For eleven days, I got to board a plane and fly to the other side of the country. Before departing, I was beyond terrified as to what important hang outs I’d miss with my friends. But as the day got closer and my friends weren’t my friends anymore, I grew more and more eager to leave, not only this city, but my entire life. I got to forget about it.
During my first day, I experienced these towering, claustrophobic buildings enclosing me into this foreign environment. People were bumping into me, cigarettes being smoked in my hair, and cars zooming through the streets breaking every traffic law. I already miss the dirt, trees, and stars back home.
As time progressed and my anxiety was preventing me from the opportunities laid ahead of me, I took a deep breath and let the wind take me. From then on, it was a city of nonstop excitement and anticipation. Despite the fact that my family was with me, I met someone who took my hand and guided me with my adventures. We took on New York together.
Originally, I was supposed to stick with my family and be the obnoxious tourists I dread to be. As tourists, you visit the most typical attractions, snap photos, and leave. You never have enough time to let the atmosphere seep into your blood, and all that surrounds you are foreign tourists and repugnant cameras. But as 16-year-olds wanting to ditch our families and see the world for ourselves, letting the cigarette smoke become my perfume and allowing the grass stains become our outfits, we took each other’s hand and ran out to the city with nothing but running shoes and perseverance.
The look he gave me as I was so awed while riding the subway, as homeless people with such incredible vocal talents perform on the train, made me feel like I haven’t seen anything in the world. By being so wonderstruck by a simple train, the look he gave me told me that I’m in for the most daring couple days.
Attempting to crash a New York party, hiking in the woods and getting trapped in the rain five miles from home, acting as delinquents in the Disney store in Times Square, helping me get the perfect views of the city, and completely gazing into the enveloping city lights from the top of the Empire State Building… we all did it together.
I’m not saying that I’ve fallen in love with a boy because I didn’t. I fell in love with the city and the fact that I was able to venture out into an entirely contrasted lifestyle with someone who reminded me that there’s more to life than the black, depressed burden I feel every day.

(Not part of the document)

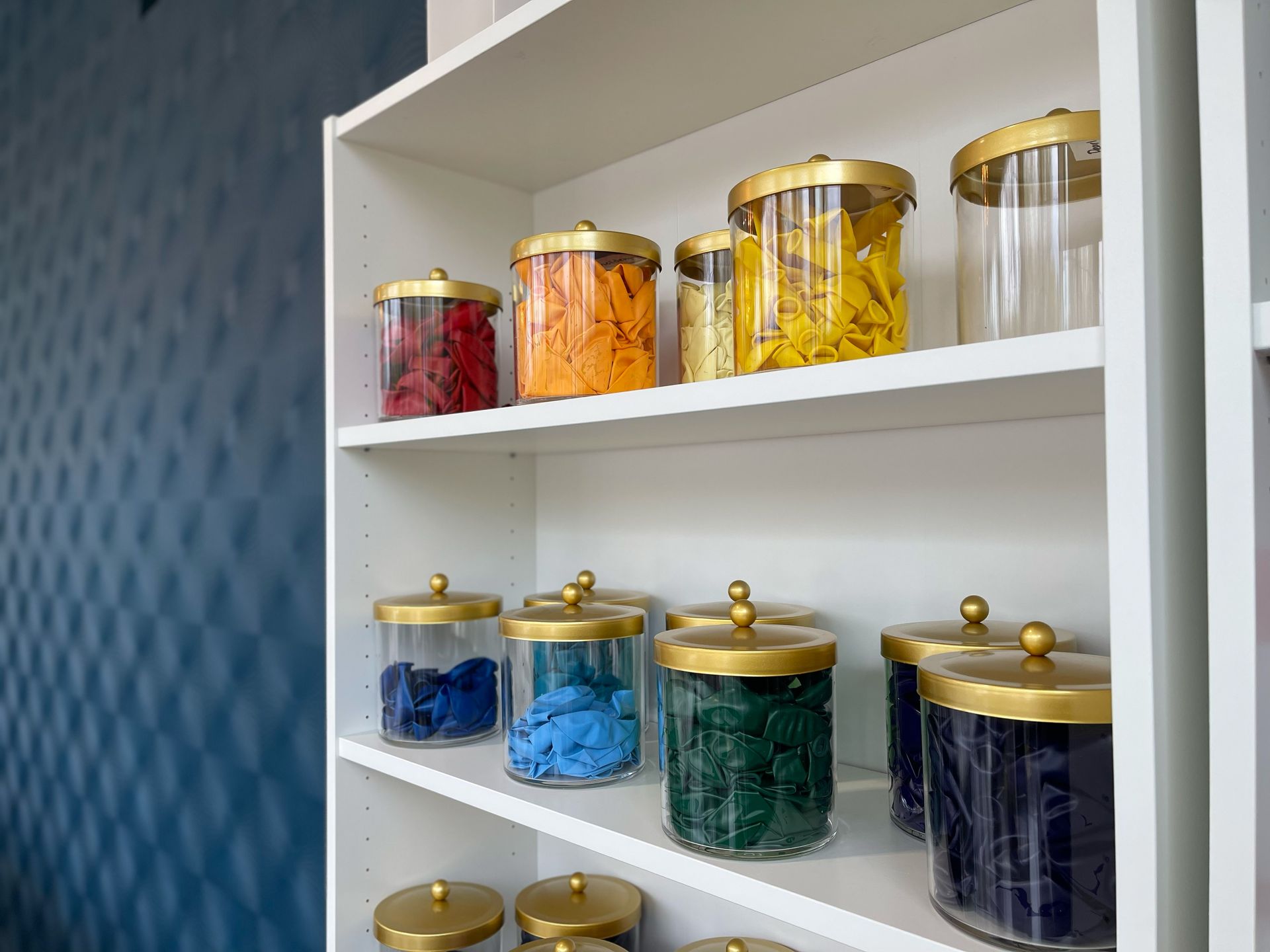 A shelf filled with jars of different colored yarn.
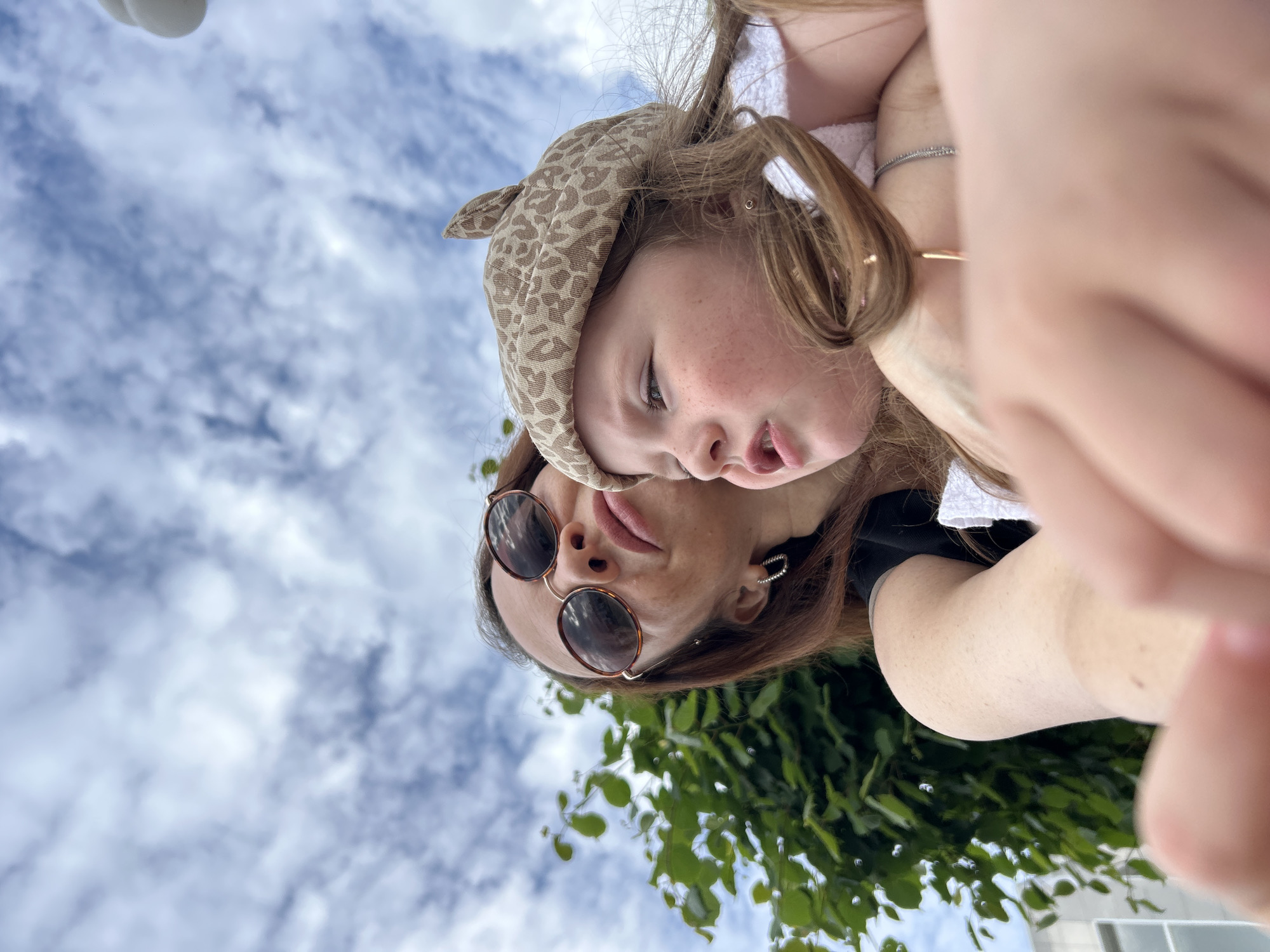 A low-angle, close-up selfie shows a woman and a young girl outdoors on a cloudy day. The woman, wearing sunglasses and hoop earrings, has reddish-brown hair and is looking upwards. The girl, wearing a tan beret with a leopard print pattern, is to the woman's right and looking to the side with her mouth slightly open. Green foliage is visible to the left of the frame, and a building can be seen in the background. The setting is consistent with an outdoor urban environment, such as a park or street in Chaikovsky, Russia.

For eleven days, I was freed. I felt as though I was young blue jay who was trapped in a cage, seeing the same blank walls. I had about a foot of space to move around in, not able to see something new and make me feel like there’s another purpose to living. Then one day, the gate opened. I dashed through the gate and didn’t see the blank walls anymore, and I didn’t have a foot of space. I had an entire planet to see, and I saw a world of color with so much green, blue, and pink, and I met people who restored my faith in the future generations.
No words will ever – I mean, ever – describe the remarkable adventures I experienced in just a few days. All I can say right now is forget about every strain preventing you from your happiness. The world is too damn beautiful and it’s just waiting for you to see it.